McConnell says the U.S. strategy to avoid escalation in Ukraine isn't working, but a UK ambassador points to a 'fine line'
Following an impassioned call for more aid from Ukraine’s President Volodymyr Zelensky to members of Congress, the Biden administration has unveiled another $800 in security assistance. But Kentucky’s top Republican maintains a bolder response is necessary to deter Russia.
Included in the latest U.S. military aid package are 800 Stinger missiles, 100 drones, along with ammunition, body armor, and other supplies.
But earlier Wednesday, Sen. Mitch McConnell kept to his oft-repeated accusation that President Joe Biden is providing too little, too late.
"Every step of the way, this self-deterred White House has insisted its hesitation and restraint was aimed at avoiding escalation, but at every step Putin has escalated."U.S. Sen.

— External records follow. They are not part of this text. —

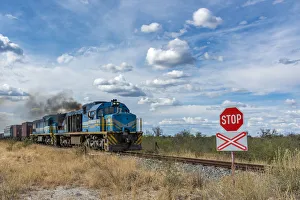Otjiwarongo Gallery: Africa, Namibia, Otjiwarongo. Train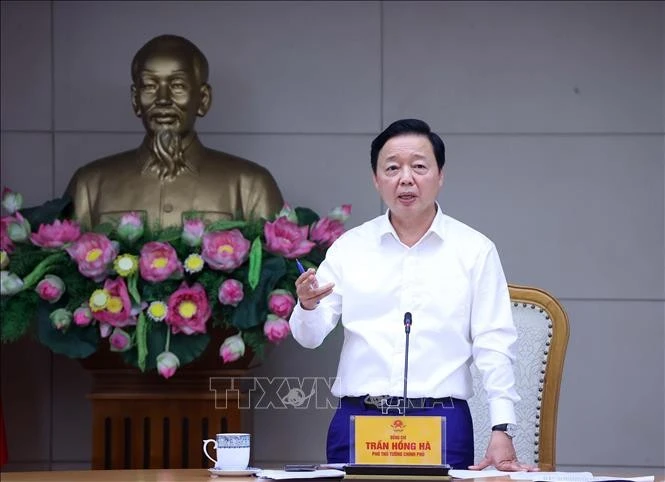 陈红河副总理在会上致辞。（图片来源：越通社）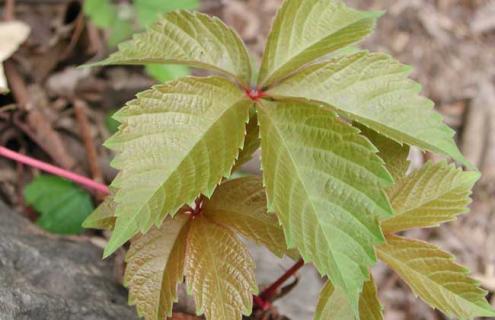 爬山虎种类图片大全 爬山虎种类图片大全及名称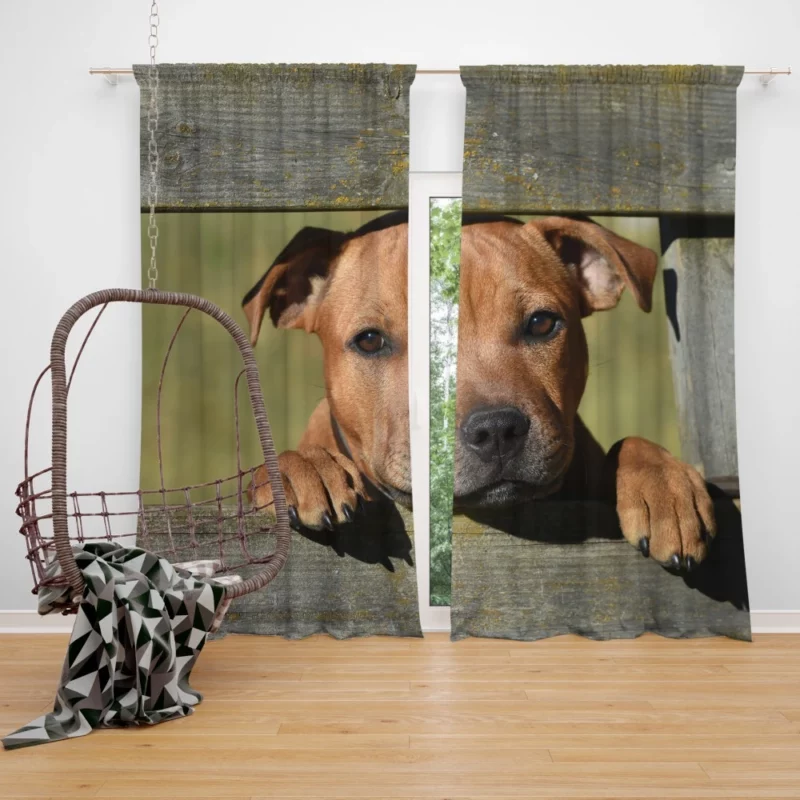 Cute Staffordshire Bull Terrier Dog Delight Curtain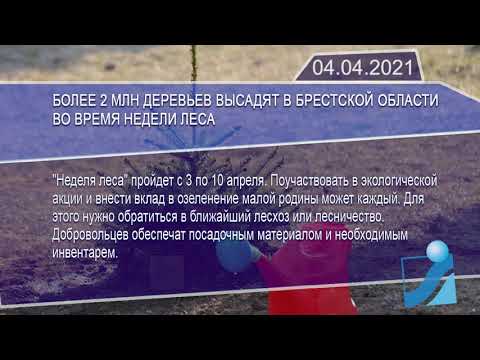Новостная лента Телеканала Интекс 04.04.21.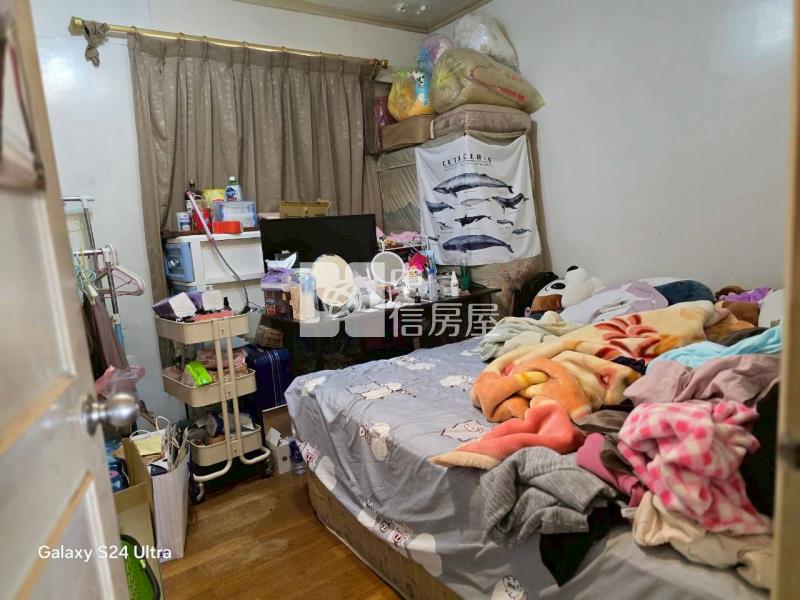 文化國小花園大別墅房屋室內格局與周邊環境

Mitch McConnell (R-KY)
But Ambassador Carey Cavanaugh with the University of Kentucky’s Patterson School of Diplomacy told the school’s Patterson Perspectives podcast Tuesday that Biden and NATO can’t afford to give Russian President Vladimir Putin political ammunition in his campaign to sell Russians on the need for the conflict.
As for Biden’s actions so far, Cavanaugh said the president has had to walk a fine line.
"He and his team have found a way to walk on the right side of that fine line and at least to date support the Ukrainians and the fight they're making to try to preserve their country."Ambassador Carey Cavanaugh
Even as Biden called Zelensky’s address “convincing” and “significant,” the U.S. assistance continues to stop short of establishing a no-fly zone over Ukraine — a move critics caution would be viewed as an act of war by Russia and invite a wider conflict.